**** Recorded data ****
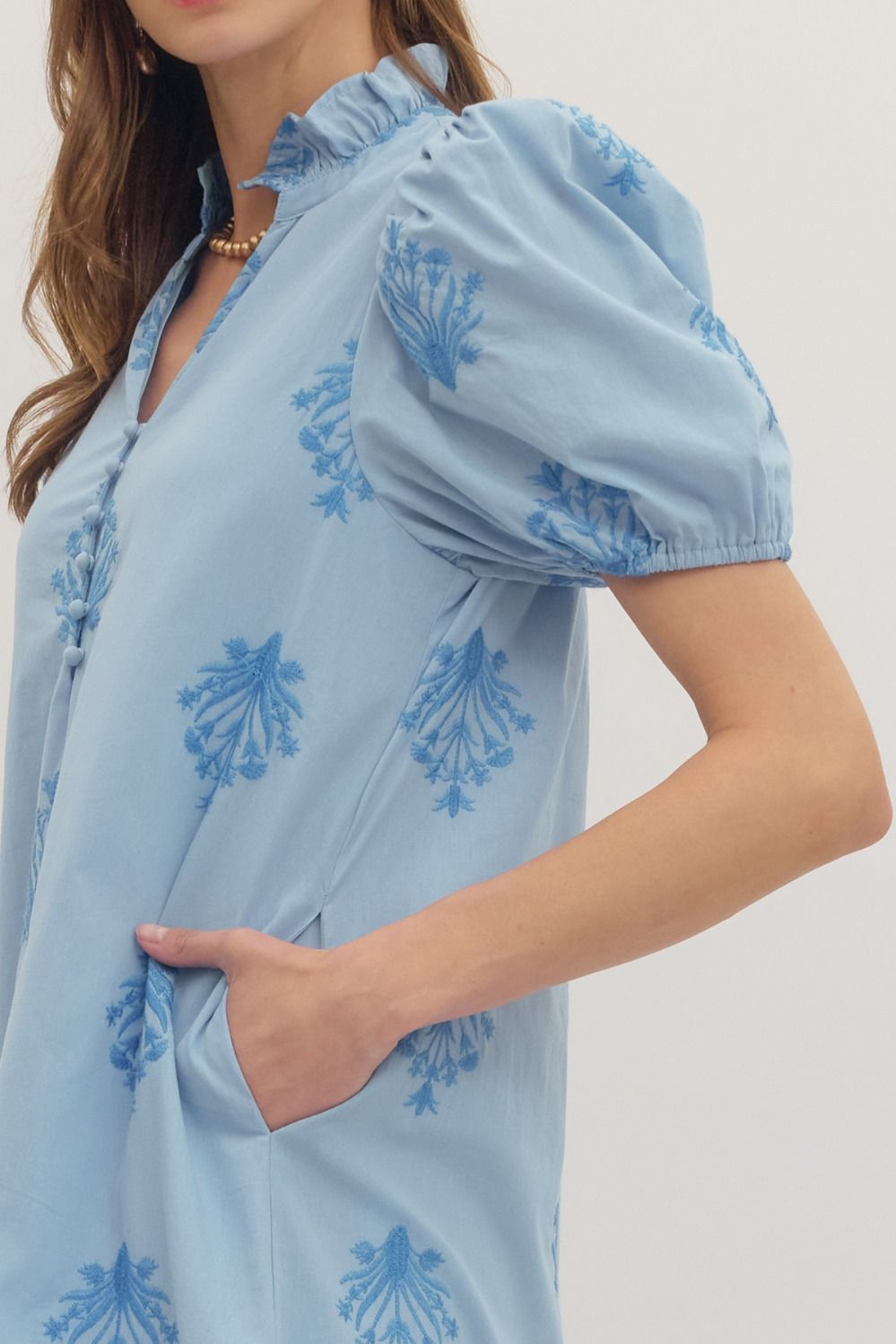 Botanical Embroidery Puff Sleeve Midi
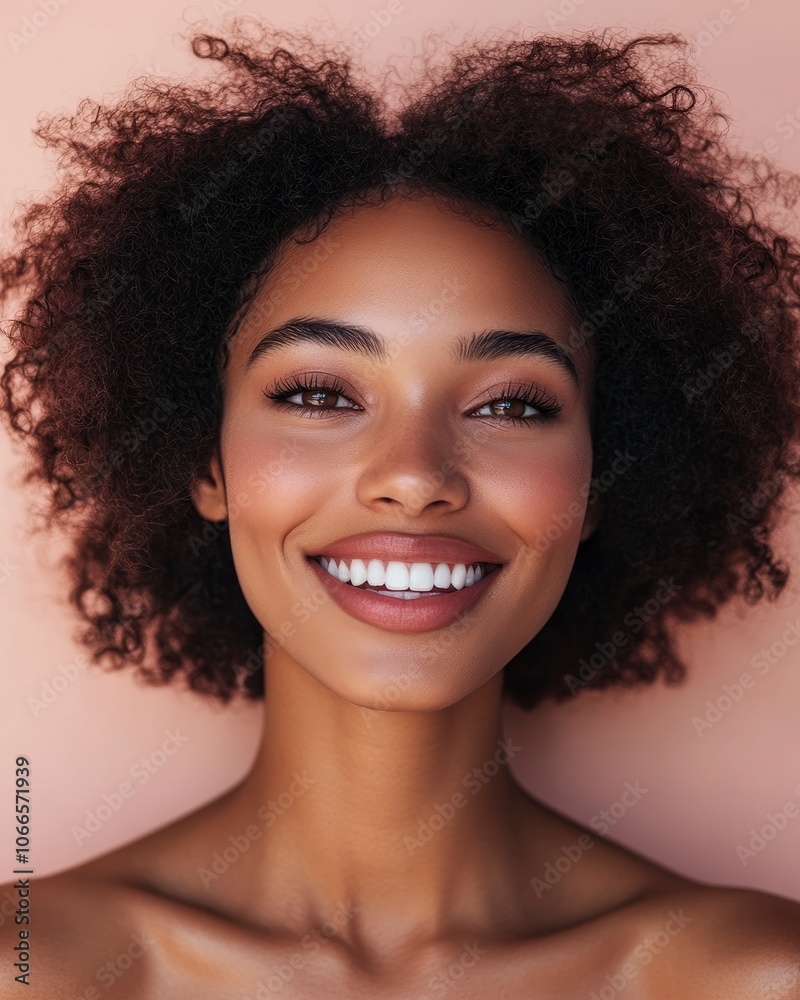 Close-up portrait of a young woman with an afro smiling. Close-up portrait of a young woman with an afro smiling.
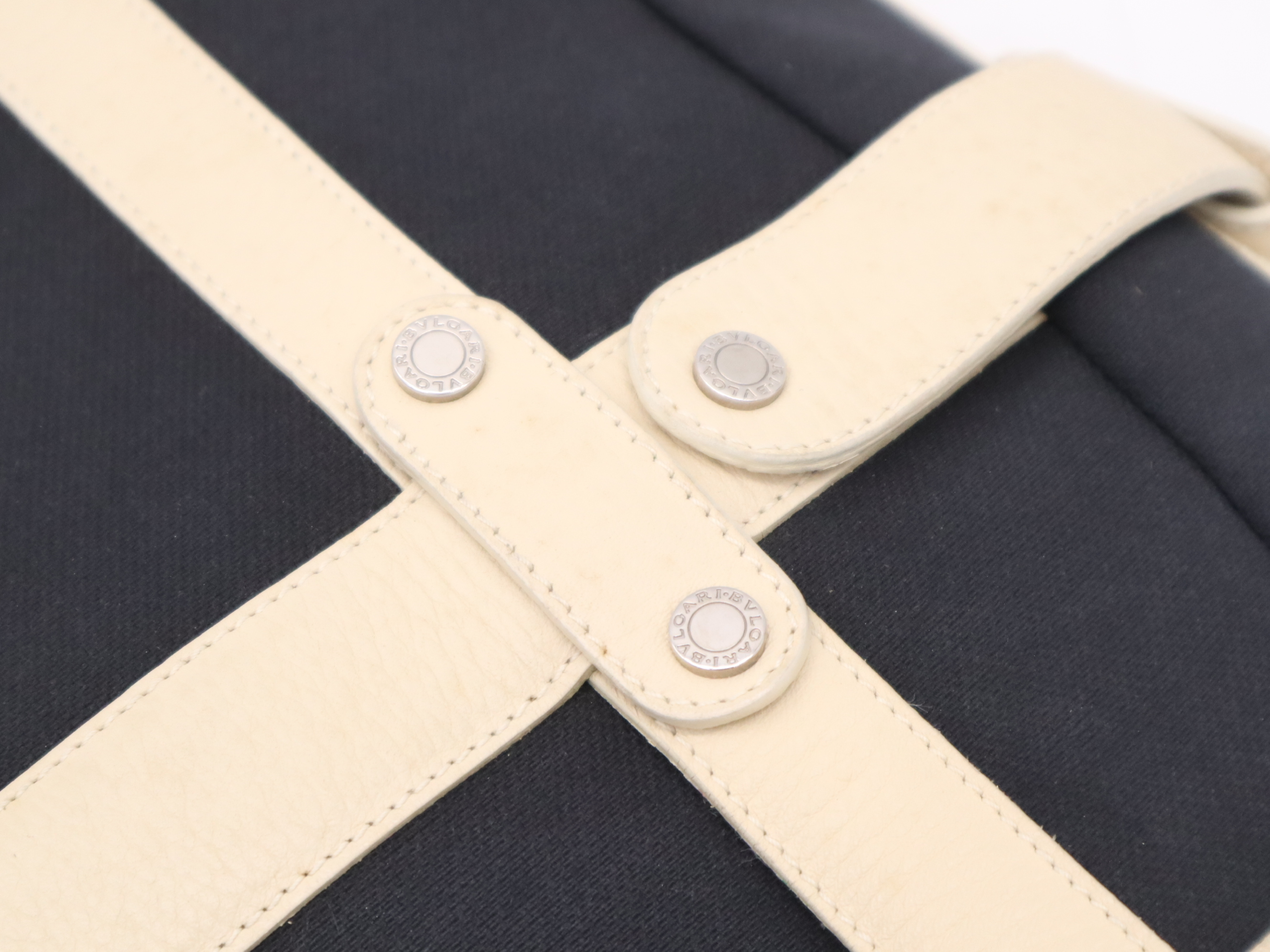 canvas and leather logo tote bag in navy and ivory with silver hardware. — view 8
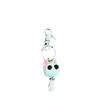 Lindo Llavero de Gatito de Ojos Grandes de Resina Dibujo Animado Lindo Colgante Encanto para Bolso Llavero de Coche Decoración para Mochila de Pareja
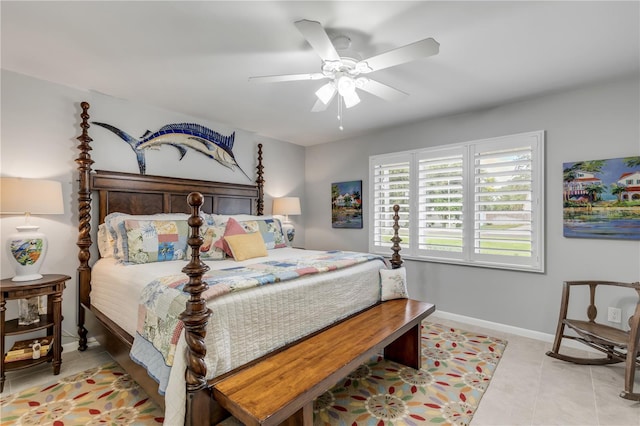 tiled bedroom with ceiling fan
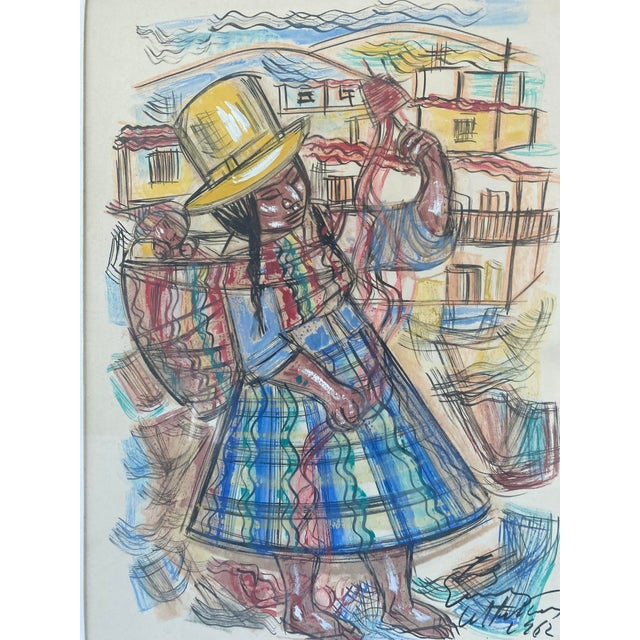 Paint Pair of Vintage 1960s Latin American Watercolors of Dancers in Native Costumes For Sale - Image 7 of 12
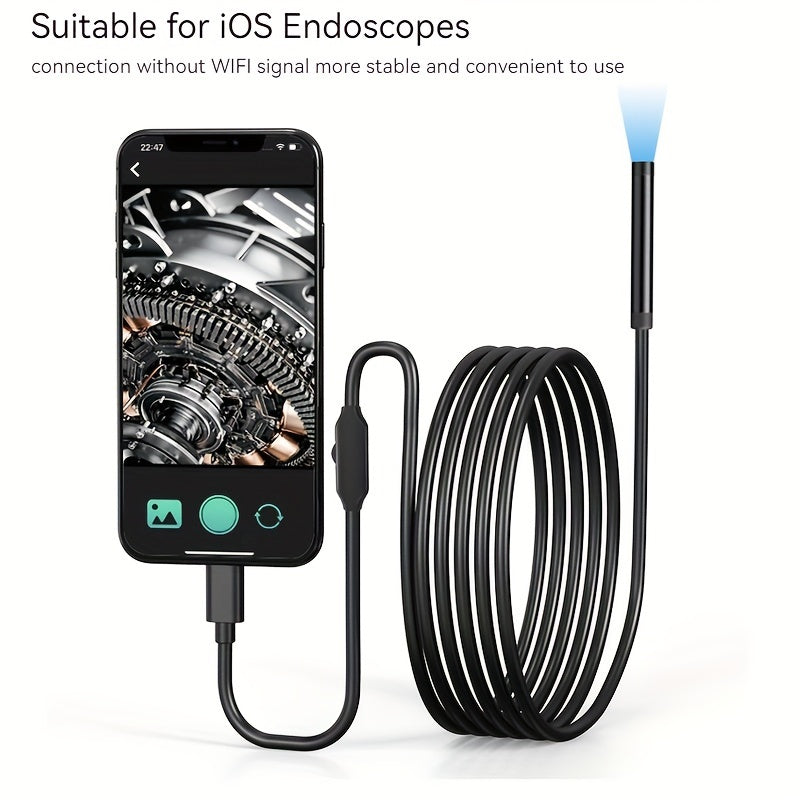 Industrial Endoscope Camera 5.5mm 1080P HD USB iOS Bendable Probe Micro Camera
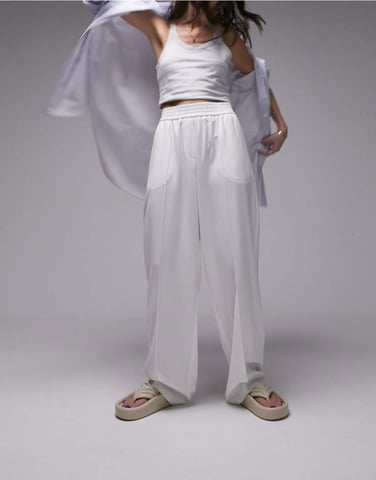 Topshop elasticated jogger style trouser in white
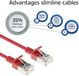 ACT Rode 7 meter LSZH S/FTP CAT6A slimline patchkabel snagless met RJ45 connectoren DB7507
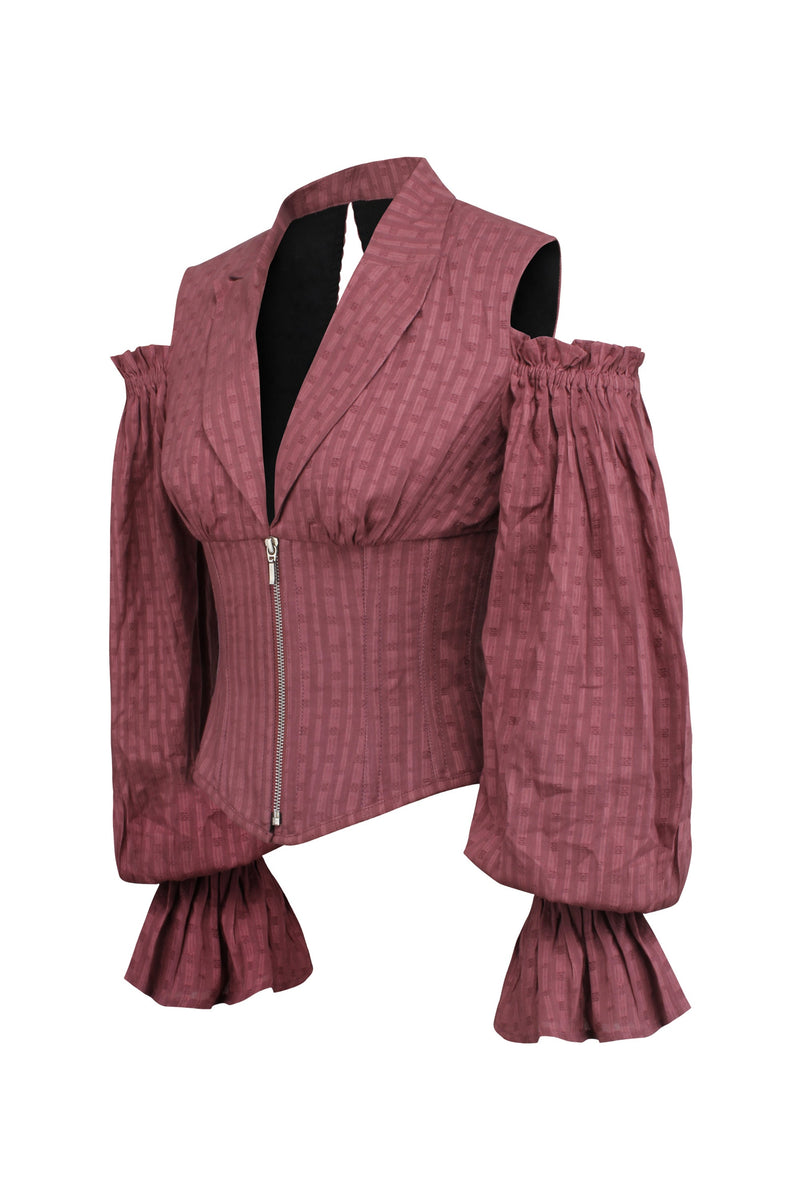 Terracotta Corset Top with Front Zip and Long Sleeves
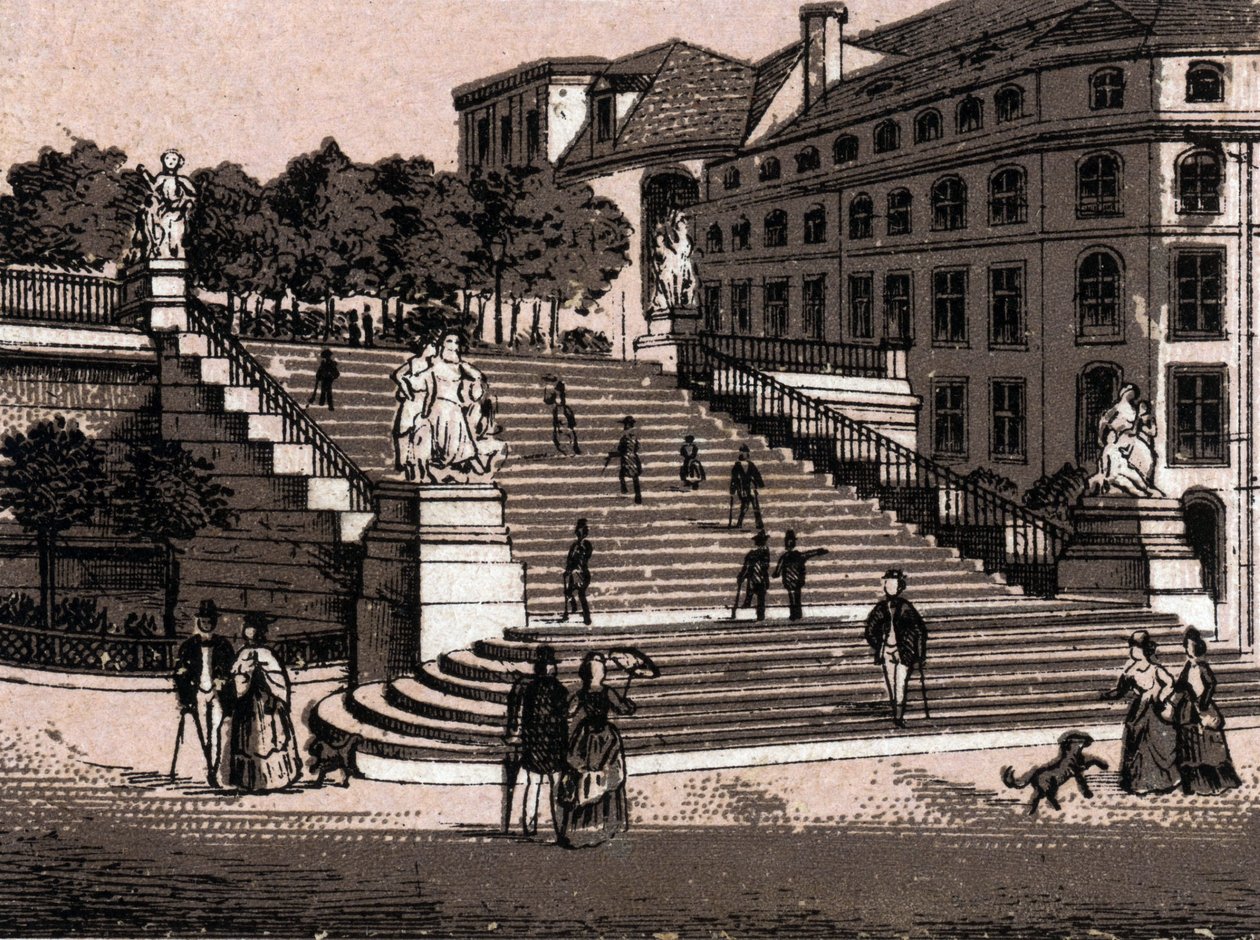 Drážďany, Německo: pohled na terasu Bruhlsche (Bruhlsche Terrace v Drážďanech). v „“ Svět ilustruje 168 pohledů““ Nedatováno (konec 19. století) od Unknown artist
****
Reproduce nothing but the lines from the line containing "canvas and leather" through the last line of the data above, exactly as written and without pictures.

 canvas and leather logo tote bag in navy and ivory with silver hardware. — view 8
 Lindo Llavero de Gatito de Ojos Grandes de Resina Dibujo Animado Lindo Colgante Encanto para Bolso Llavero de Coche Decoración para Mochila de Pareja
 tiled bedroom with ceiling fan
 Paint Pair of Vintage 1960s Latin American Watercolors of Dancers in Native Costumes For Sale - Image 7 of 12
 Industrial Endoscope Camera 5.5mm 1080P HD USB iOS Bendable Probe Micro Camera
 Topshop elasticated jogger style trouser in white
 ACT Rode 7 meter LSZH S/FTP CAT6A slimline patchkabel snagless met RJ45 connectoren DB7507
 Terracotta Corset Top with Front Zip and Long Sleeves
 Drážďany, Německo: pohled na terasu Bruhlsche (Bruhlsche Terrace v Drážďanech). v „“ Svět ilustruje 168 pohledů““ Nedatováno (konec 19. století) od Unknown artist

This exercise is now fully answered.